→ DATA FOR ANALYSIS
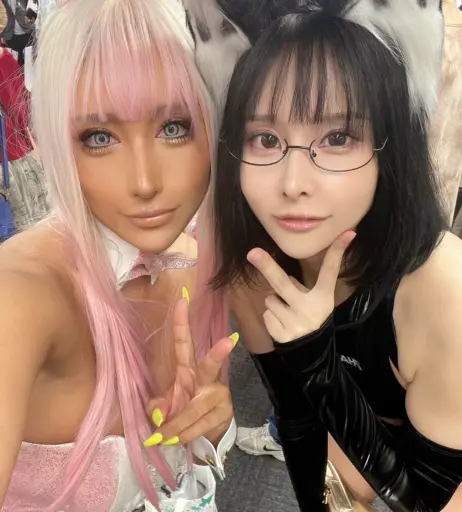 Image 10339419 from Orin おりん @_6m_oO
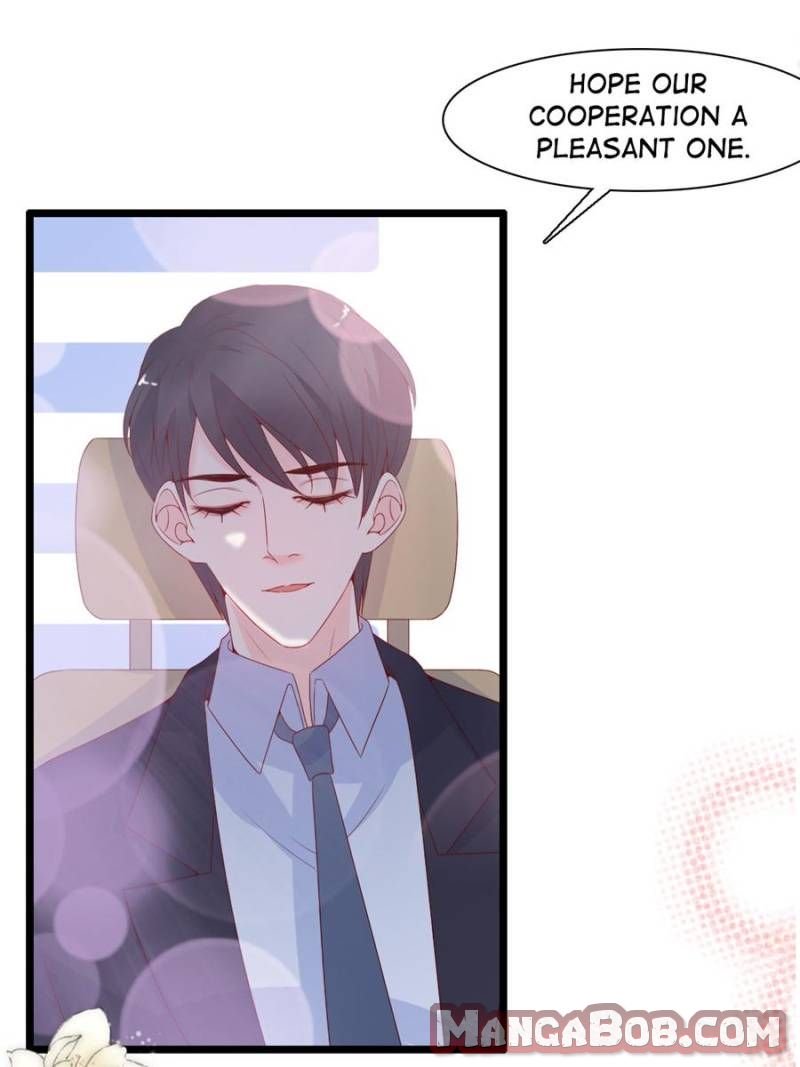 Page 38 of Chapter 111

--

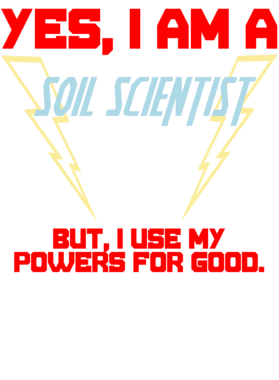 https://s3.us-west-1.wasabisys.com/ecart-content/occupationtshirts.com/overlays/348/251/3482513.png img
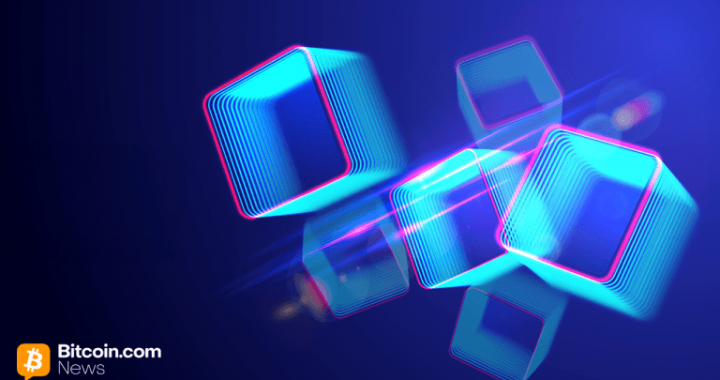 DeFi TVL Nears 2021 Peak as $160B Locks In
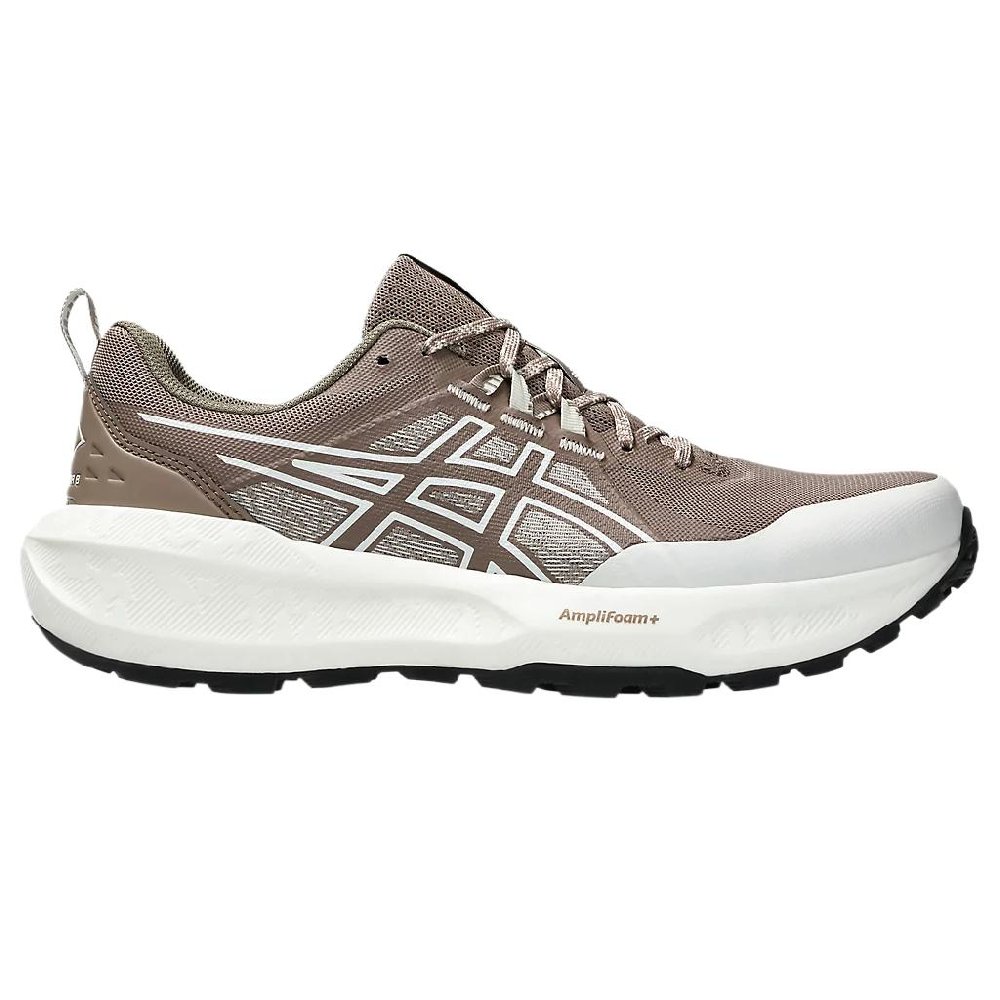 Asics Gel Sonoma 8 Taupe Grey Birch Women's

→ BRIEF
Print an exact copy of the lines above, from the one containing "DeFi TVL Nears 2021 Peak as $160B Locks In" through the one containing "Asics Gel Sonoma 8 Taupe Grey Birch Women's", and leave out the pictures.

→ ANSWER SECTION
 DeFi TVL Nears 2021 Peak as $160B Locks In
 Asics Gel Sonoma 8 Taupe Grey Birch Women's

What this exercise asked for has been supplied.